The Native BHI Exploit Explained
The VUSec researchers detailed in a recent study that the Native BHI exploit can leak arbitrary kernel memory at a rate of 3.5 kB/sec, effectively bypassing existing Spectre v2/BHI mitigations. This vulnerability, tracked as CVE-2024-2201, has been identified to impact all Intel systems susceptible to BHI.
The exploit was initially disclosed by VUSec in March 2022, highlighting a technique that can circumvent Spectre v2 protections on modern processors from Intel, AMD, and Arm. While the attack originally leveraged extended Berkeley Packet Filters (eBPFs), Intel’s response included recommendations to disable Linux’s unprivileged eBPFs as a countermeasure.

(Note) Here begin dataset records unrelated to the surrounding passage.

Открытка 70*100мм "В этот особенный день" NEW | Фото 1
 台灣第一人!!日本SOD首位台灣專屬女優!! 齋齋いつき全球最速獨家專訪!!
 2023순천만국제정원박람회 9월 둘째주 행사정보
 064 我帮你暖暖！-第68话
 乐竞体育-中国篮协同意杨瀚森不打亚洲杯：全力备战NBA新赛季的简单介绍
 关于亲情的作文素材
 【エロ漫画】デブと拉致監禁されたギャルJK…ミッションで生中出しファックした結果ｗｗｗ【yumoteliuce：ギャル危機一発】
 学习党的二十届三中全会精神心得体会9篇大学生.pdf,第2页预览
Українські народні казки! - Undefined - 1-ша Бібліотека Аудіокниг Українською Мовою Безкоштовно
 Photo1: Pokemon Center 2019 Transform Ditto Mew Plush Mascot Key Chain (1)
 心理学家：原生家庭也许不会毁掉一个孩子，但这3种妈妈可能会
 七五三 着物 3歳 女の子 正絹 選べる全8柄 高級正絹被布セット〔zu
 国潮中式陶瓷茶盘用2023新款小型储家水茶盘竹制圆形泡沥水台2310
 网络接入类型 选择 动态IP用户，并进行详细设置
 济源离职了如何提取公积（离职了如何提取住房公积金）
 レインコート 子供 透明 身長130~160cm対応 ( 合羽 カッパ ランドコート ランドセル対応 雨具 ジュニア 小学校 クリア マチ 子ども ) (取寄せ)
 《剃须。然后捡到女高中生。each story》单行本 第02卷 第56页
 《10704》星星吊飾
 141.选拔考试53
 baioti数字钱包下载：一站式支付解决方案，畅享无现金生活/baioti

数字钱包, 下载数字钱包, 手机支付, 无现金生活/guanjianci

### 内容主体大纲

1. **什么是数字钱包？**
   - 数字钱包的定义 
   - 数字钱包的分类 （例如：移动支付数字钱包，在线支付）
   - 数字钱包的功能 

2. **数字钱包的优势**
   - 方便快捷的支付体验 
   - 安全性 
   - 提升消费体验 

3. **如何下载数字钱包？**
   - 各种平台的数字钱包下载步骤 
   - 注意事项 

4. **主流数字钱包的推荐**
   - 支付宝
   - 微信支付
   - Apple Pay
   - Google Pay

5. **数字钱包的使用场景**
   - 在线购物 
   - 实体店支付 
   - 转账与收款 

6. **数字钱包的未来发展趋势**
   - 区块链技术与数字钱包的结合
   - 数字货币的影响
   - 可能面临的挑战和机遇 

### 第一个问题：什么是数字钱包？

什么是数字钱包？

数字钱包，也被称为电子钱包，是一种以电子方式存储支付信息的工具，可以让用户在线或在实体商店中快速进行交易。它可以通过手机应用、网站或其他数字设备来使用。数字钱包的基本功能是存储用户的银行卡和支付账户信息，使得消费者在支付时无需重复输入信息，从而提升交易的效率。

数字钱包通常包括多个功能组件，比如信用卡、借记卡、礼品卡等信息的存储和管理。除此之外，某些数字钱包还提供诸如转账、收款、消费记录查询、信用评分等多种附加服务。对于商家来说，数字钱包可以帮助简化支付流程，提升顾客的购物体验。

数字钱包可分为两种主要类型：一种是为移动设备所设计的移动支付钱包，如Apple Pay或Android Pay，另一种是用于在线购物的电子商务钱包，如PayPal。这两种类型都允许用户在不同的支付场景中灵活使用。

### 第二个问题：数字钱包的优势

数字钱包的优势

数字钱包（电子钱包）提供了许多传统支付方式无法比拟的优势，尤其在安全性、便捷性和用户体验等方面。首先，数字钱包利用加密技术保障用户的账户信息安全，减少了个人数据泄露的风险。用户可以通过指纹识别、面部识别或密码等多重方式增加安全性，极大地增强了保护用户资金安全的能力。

Intel’s statement revealed the risk posed by unprivileged eBPFs, stating that they “significantly increase the risk of transient execution attacks, even when defenses against intra-mode [Branch Target Injection] are present.” Despite recommendations to disable unprivileged eBPFs, Native BHI has demonstrated that this countermeasure is ineffective without eBPF.
Why Current Mitigation Strategies Don’t Work
As outlined by the CERT Coordination Center (CERT/CC), current strategies like deactivating privileged eBPF and activating (Fine)IBT are inadequate in thwarting BHI attacks on the kernel and hypervisor. This vulnerability empowers unauthorized attackers with CPU access to manipulate speculative execution paths through malicious software, with the goal of extracting sensitive data linked to diverse processes.
The impact of the Native BHI exploit extends to various platforms, including Illumos, Intel, Red Hat, SUSE Linux, Triton Data Center, and Xen. While AMD has acknowledged the issue, it has stated that it is not currently aware of any impact on its products.
This disclosure follows recent research from ETH Zurich, which revealed a family of attacks known as Ahoi Attacks targeting hardware-based trusted execution environments (TEEs). These attacks, including Heckler and WeSee, utilize malicious interrupts to compromise the integrity of confidential virtual machines (CVMs) like AMD Secure Encrypted Virtualization-Secure Nested Paging (SEV-SNP) and Intel Trust Domain Extensions (TDX).